The extreme class imbalance in this dataset presents a critical challenge for model training. Without proper handling, the model would simply learn to predict the majority class (NORMAL) and achieve high accuracy while completely failing to detect actual failures.

#### The Imbalance Problem

| Class | Count | Percentage | Imbalance Ratio |
|-------|-------|------------|----------------|
| NORMAL | 205,836 | 93.43% | 1x (baseline) |
| RECOVERING | 14,477 | 6.57% | ~14x underrepresented |
| BROKEN | 7 | 0.003% | ~29,405x underrepresented |

#### Techniques to Address Imbalance

We employ two main techniques:

1. **Class Weighting**: Assign higher weights to minority classes during training
2. **Focal Loss**: A loss function that down-weights well-classified examples and focuses on hard cases

In [None]:
# Import our imbalance handler module
from imbalance_handler import compute_class_weights, get_class_distribution, compute_alpha_from_weights

# Get class distribution statistics
target_col = get_target_column()

# Encode labels for weight computation
from preprocessor import encode_labels
labels_encoded, label_encoder = encode_labels(
    df[target_col], 
    class_order=['NORMAL', 'RECOVERING', 'BROKEN']
)

# Compute class weights using inverse frequency
class_weights = compute_class_weights(labels_encoded)

print("Class Weights (Inverse Frequency):")
print("=" * 60)
class_names = ['NORMAL', 'RECOVERING', 'BROKEN']
for idx, name in enumerate(class_names):
    weight = class_weights[idx]
    print(f"{name:12s}: weight = {weight:>12.4f}")
print("=" * 60)

In [None]:
# Visualize class weights
fig, axes = plt.subplots(1, 2, figsize=(14, 5))

# Bar chart of class weights
ax1 = axes[0]
colors = ['#2ecc71', '#f39c12', '#e74c3c']
bars = ax1.bar(class_names, [class_weights[i] for i in range(3)], color=colors)
ax1.set_xlabel('Machine Status')
ax1.set_ylabel('Class Weight')
ax1.set_title('Class Weights (Inverse Frequency)')
ax1.set_yscale('log')  # Log scale due to extreme differences

# Add weight labels on bars
for bar, idx in zip(bars, range(3)):
    weight = class_weights[idx]
    ax1.text(bar.get_x() + bar.get_width()/2, bar.get_height(), 
             f'{weight:.2f}', ha='center', va='bottom', fontsize=10)
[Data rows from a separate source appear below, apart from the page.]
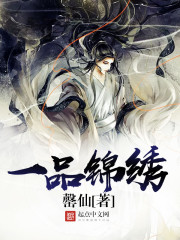 一品锦绣封面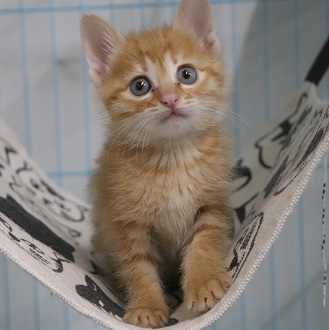 写真：子猫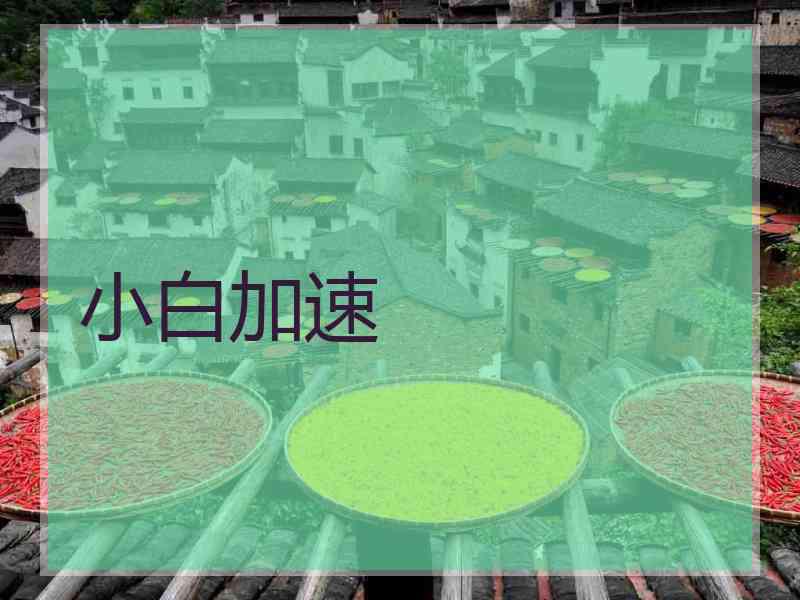 小白加速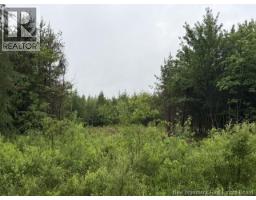 Lot 2 W P Black Lane, New Canaan, NB E4Z5X5 Photo 7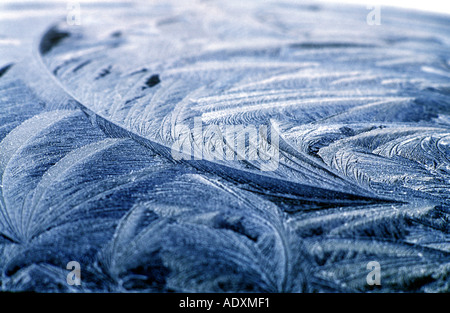 Eisblumen auf einem Autodach im Vereinigten Königreich Stockfoto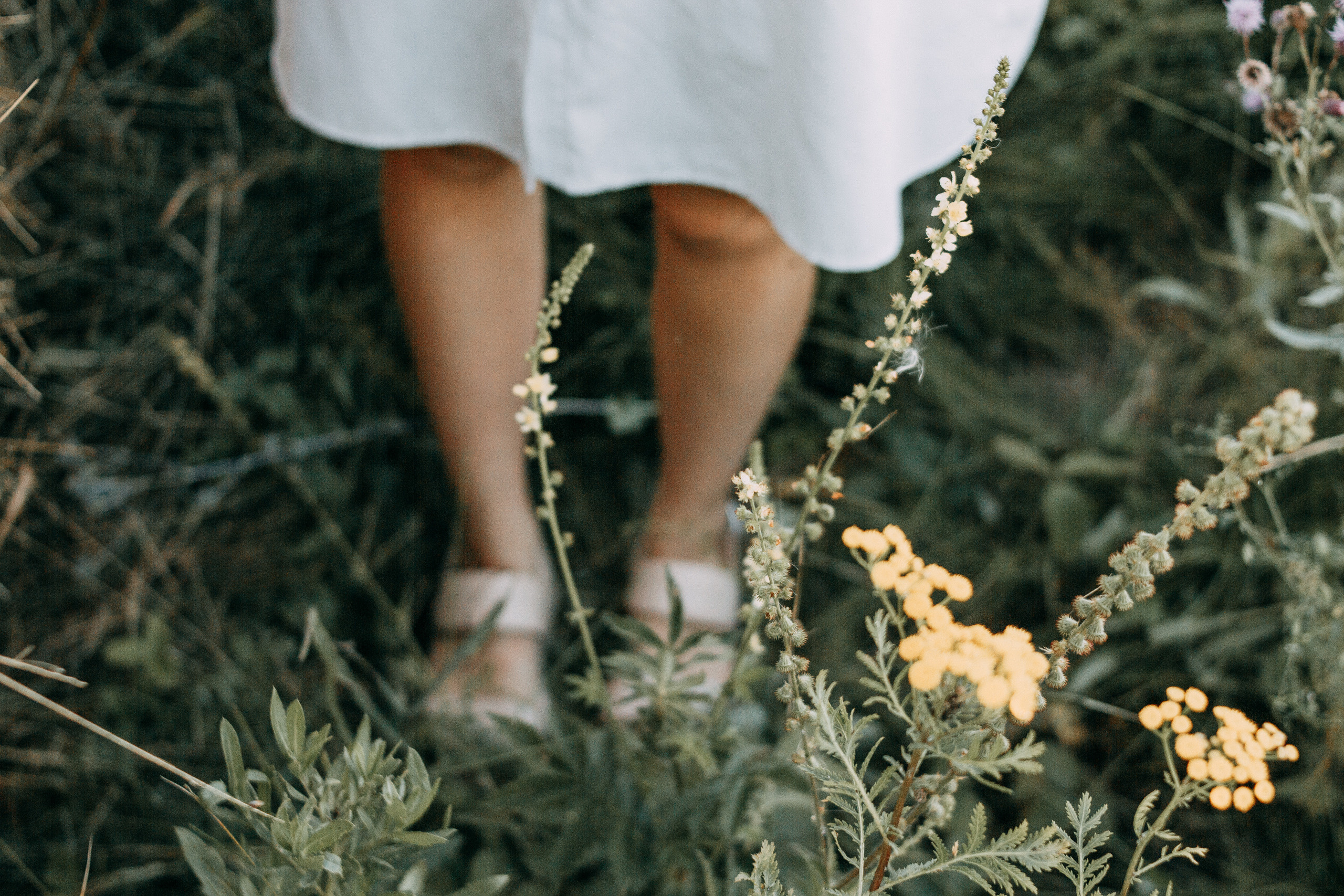 Arina and haystacks. Wedding and portrait photographer in Beograd Ekaterina Makedonskaya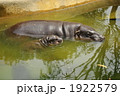 トロンガ動物園のコビトカバ（ピグミーヒッポー）の親子 1922579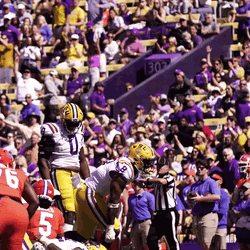 Big Hits Football Ecstatic Air Punch Loop GIF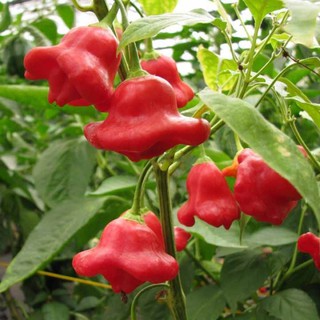 Hạt giống Ớt hoa hồng 0.1gr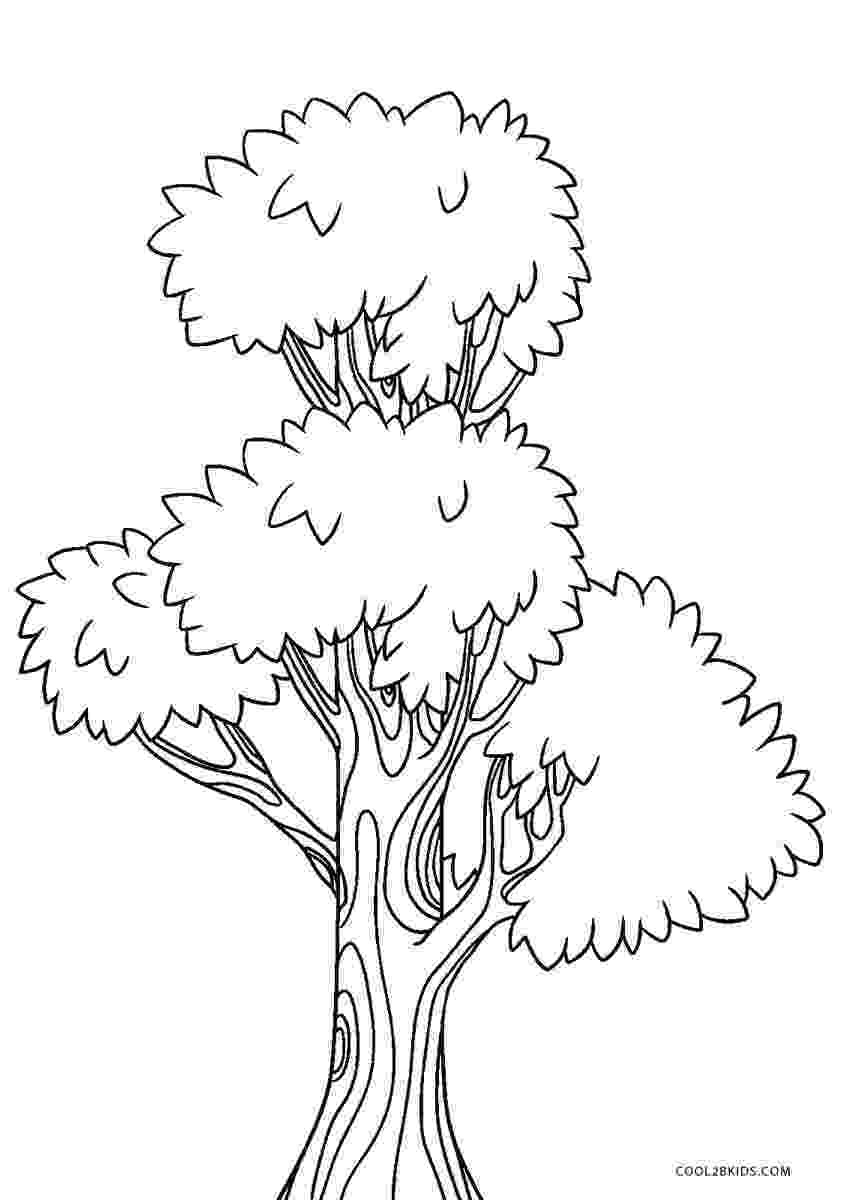 printable tree of life 52 best trees coloring sheets images on pinterest of printable tree life 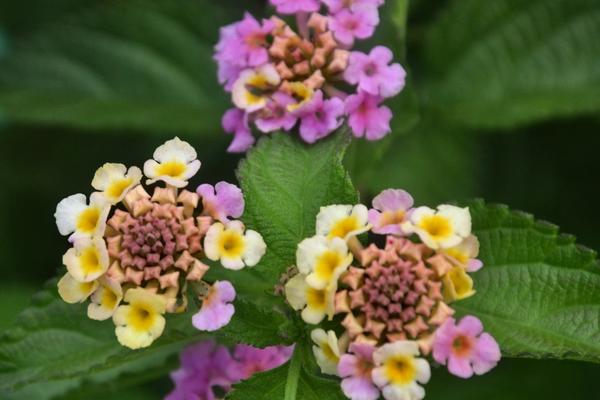 Lantana pospolita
# Pie chart showing effective contribution after weighting
ax2 = axes[1]
# After weighting, each class should contribute equally
weighted_contributions = [1/3, 1/3, 1/3]  # Balanced after weighting
ax2.pie(weighted_contributions, labels=class_names, autopct='%1.1f%%',
        colors=colors, explode=[0, 0.05, 0.1])
ax2.set_title('Effective Class Contribution After Weighting')

plt.tight_layout()
plt.show()

In [None]:
# Verify class weight proportionality
# The product of weight * count should be approximately equal for all classes
class_counts = df[target_col].value_counts()

print("Verification: weight × count should be approximately equal for all classes")
print("=" * 70)
products = []
for idx, name in enumerate(class_names):
    count = class_counts.get(name, 0)
    weight = class_weights[idx]
    product = weight * count
    products.append(product)
    print(f"{name:12s}: {weight:>12.4f} × {count:>10,} = {product:>15.2f}")

print("=" * 70)
print(f"Mean product: {np.mean(products):,.2f}")
print(f"Std deviation: {np.std(products):,.2f}")
print(f"\n✓ Products are approximately equal, confirming balanced contribution to loss.")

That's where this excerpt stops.